For any recurrent network, try to draw the unrolled network, not the loop. This will always work unless you want infinite recursion, which you couldn't do anyways.

I meant keras.initializations.zero but K.zeros would work too.

A Dense layer has a weight matrix with some number of input dimensions. You can't reuse that Dense layer on a different number of input dimensions.

If you concatenate and each time through the loop the input dimension grows, you would have to have different dense layers.

So if your merge is a sum, you could keep recurring on the same dense layer. If your merge is a concat, then you have to have several different dense layers, which is no longer recurrent.

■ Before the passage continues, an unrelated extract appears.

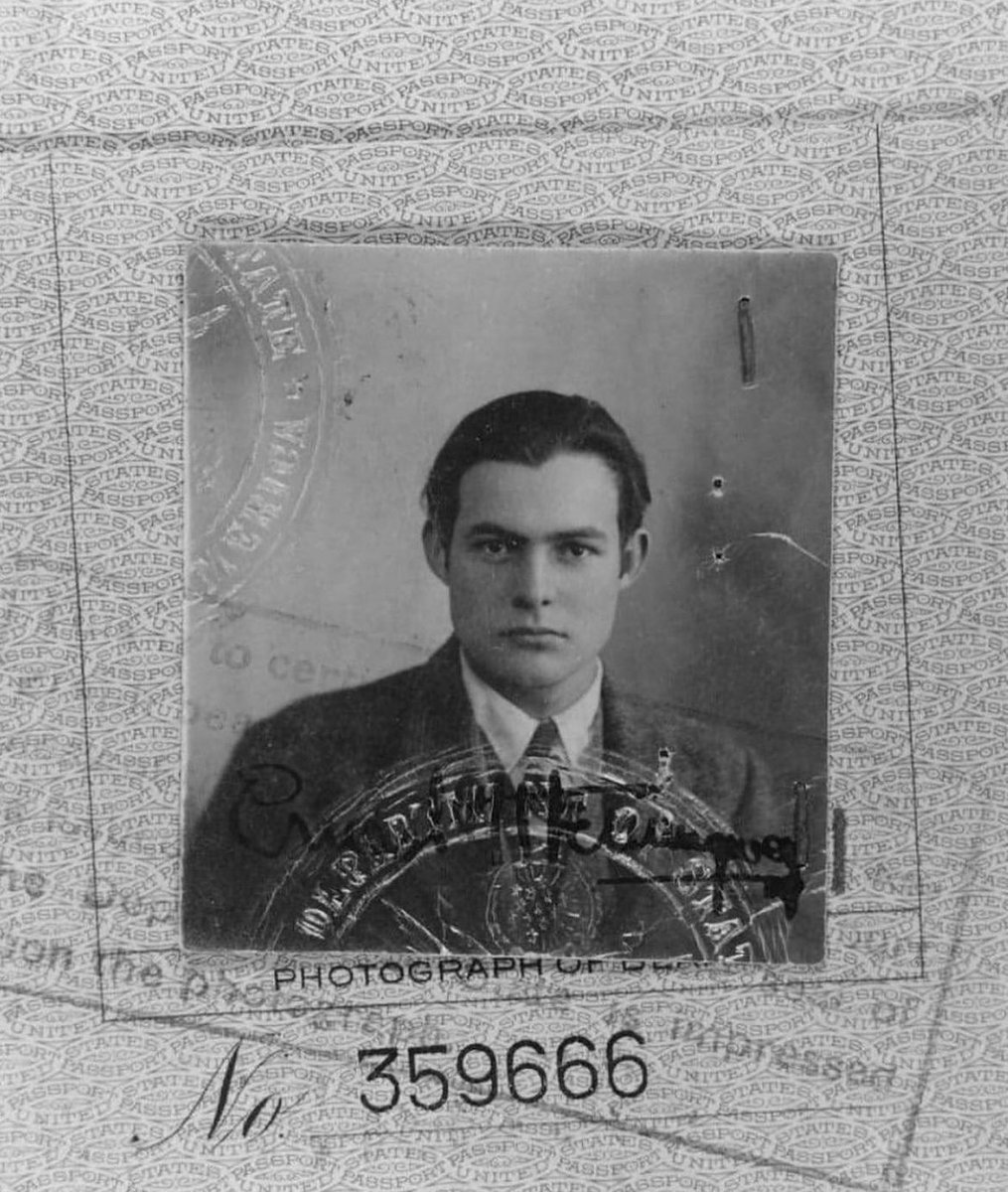 Ernest Hemingway in a United States passport photograph, 1923.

@danmackinlay I agree that an RNN, maybe with some modifications, is what he probably wants. I was explaining how to build an unrolled RNN manually, which would be easier than trying to explain how scan works.

Cheers

bstriner commented 7 years ago

In genral, to implement a recurrent network, your best bet is to:

Draw the unrolled network with no loops
Write your dims in the network to make sure they all agree

Make sure you understand what unrolling is. This is the standard illustration.

RNN

ParthaEth commented 7 years ago

I think I have found a way. For verification and for those who would come back to this later. here is a simple code that creates a loop in the model. i.e. feeds back a later stage's output to a previous stage.

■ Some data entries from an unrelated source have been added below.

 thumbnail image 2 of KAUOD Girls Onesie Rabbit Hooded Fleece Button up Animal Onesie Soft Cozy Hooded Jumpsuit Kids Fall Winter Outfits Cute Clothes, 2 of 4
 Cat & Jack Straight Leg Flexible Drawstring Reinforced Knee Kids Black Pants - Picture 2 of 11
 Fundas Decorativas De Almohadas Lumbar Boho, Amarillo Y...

`from keras.layers import Dense, Input from keras.models import Model

input = Input(batch_shape=(2, 5), dtype='float32', name='current_pose_input')

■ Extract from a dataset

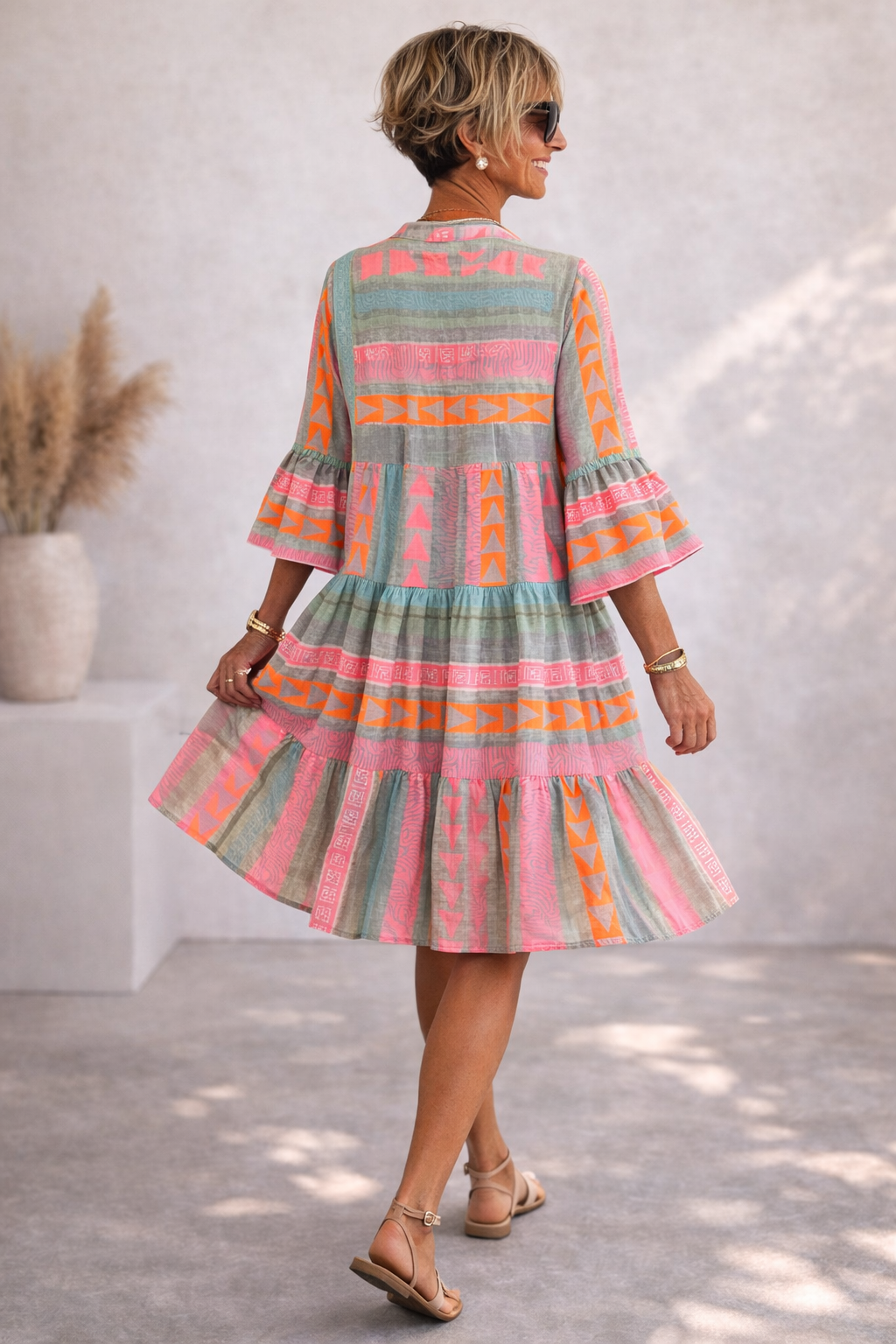 Elena | Gemustertes Fließendes Midi-Kleid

d1 = Dense(5) d2 = Dense(5) d3 = Dense(5)

o = d1(input) o = d2(o) o = d3(o) o = d1(o)

d = Dense(5)(o)

m = Model(input=input, output=d) m.compile('rmsprop', 'mse')

from keras.utils.visualize_util import plot plot(m, to_file = 'exampleRec.png')`

examplerec

bstriner commented 7 years ago

@ParthaEth the example you just posted? You're just reusing a layer, which is what I posted in my for loop. Since all of the layers have 5 output dims, there is no problem reusing layers. Your layer recurs 1 time, exactly as you coded it.

You just coded an unrolled rnn! If you don't think about it as a loop, it is just this linear sequence.

d1
d2
d3
d1
d

If you wrote a for loop to go through that sequence, you would have multiple recurrences.

o = input
for i in depth:
  o=d1(o)
  o=d2(o)
  o=d3(o)
o = d(o)

bstriner commented 7 years ago

(The image looks like an infinite loop but remember your code is only looping once.)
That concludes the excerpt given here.